Chief Ogen has 25 years of experience in the social work field. She has taught at UNBC as an Instructor for the Social Work & First Nations course at the Terrace, Fort St. John and Prince George campuses. She has a masters degree in social work. She is passionate about doing community development within her community.

The role of the advisory council is to provide strategic guidance to the Resource Works Society as it formulates research and communications programs. The group meets quarterly. 

"Chief Ogen has spoken courageously of the challenge for First Nations leaders to get away from what she called 'administering poverty'," said Stewart Muir, executive director of Resource Works.

"As we work to enlarge knowledge about the benefits of a responsible resource economy, we hope to learn more from Chief Ogen about how all residents can participate in achieving shared prosperity."

Here is her recent appearance on the Higher Ground show:

During her first three years as the elected chief of Wet’suwet’en First Nation (WFN), Chief Ogen led the creation of a strong Natural Resource department to ensure full respect for WFN aboriginal rights and title, high environmental standards and full and proper consultation, accommodation and economic benefits.

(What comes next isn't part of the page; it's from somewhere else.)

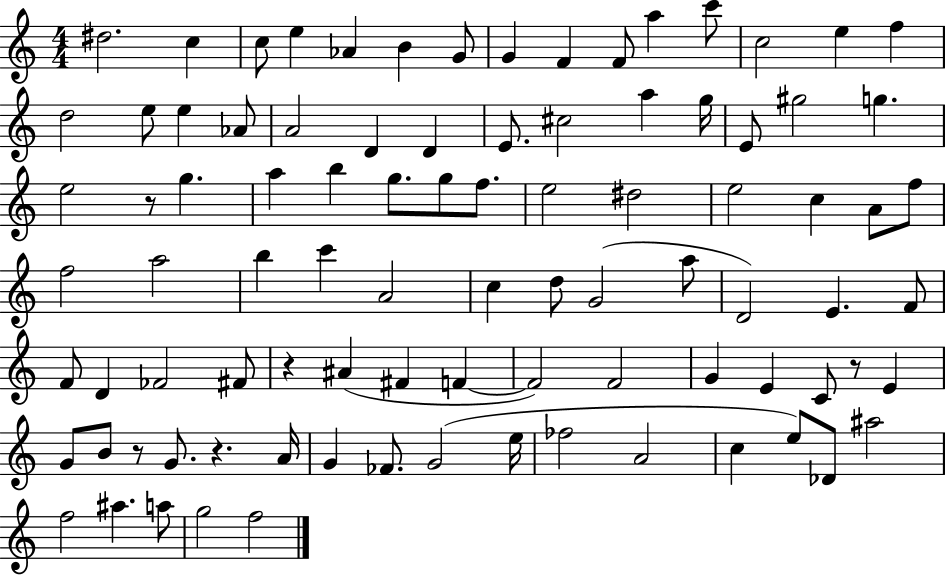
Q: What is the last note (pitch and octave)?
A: F5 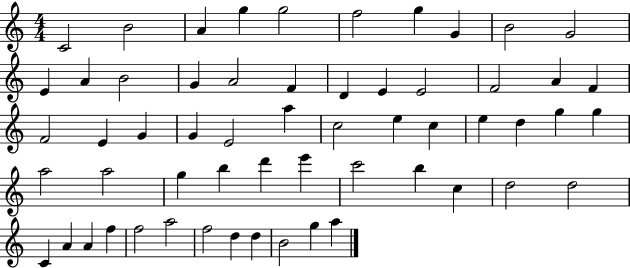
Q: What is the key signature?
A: C major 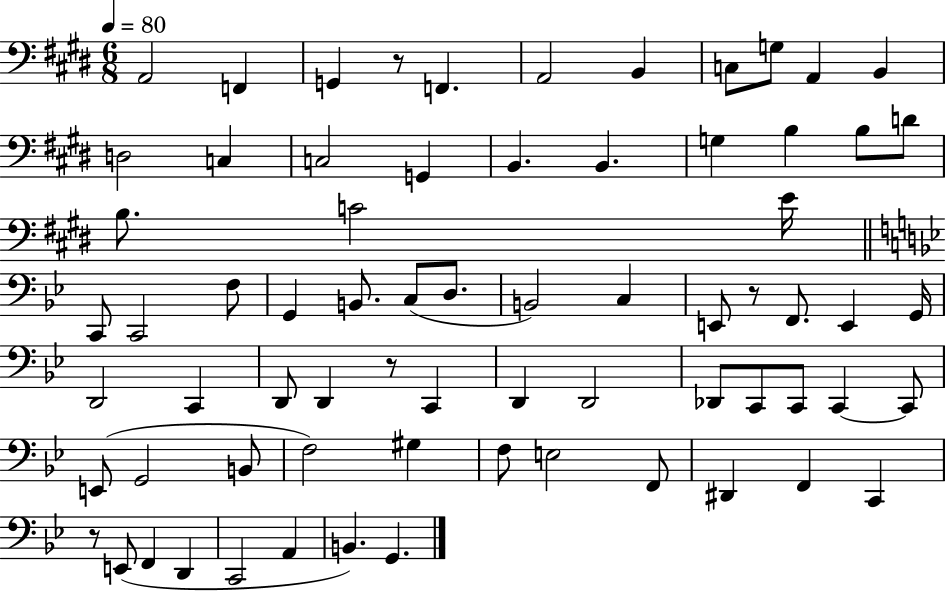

The WFN council led by Chief Ogen was instrumental in creating the Yinka Dene Limited Partnership, an economic development arm of WFN, that is promoting self sufficiency through joint ventures and partnerships with various businesses that create long term sustainable employment, business opportunities and economic benefits for her nation.

A recent example is the finalization of negotiations with Huckleberry Mines resulting in significant economic benefits, well paid jobs for 5 WFN members, and the negotiation of major contracts with YLP.

Chief Ogen was recently re-elected for a second three-year term and is implementing a three-year strategic plan that involves the governance, legal, business, natural resource and political aspects of Wet’suwet’en First Nation. The goal is for WFN to become a self sufficient nation so that WFN is able to look after its own affairs and significantly raise living standards especially in relation to the four pillars of housing, education and training, health and wellness and language and culture.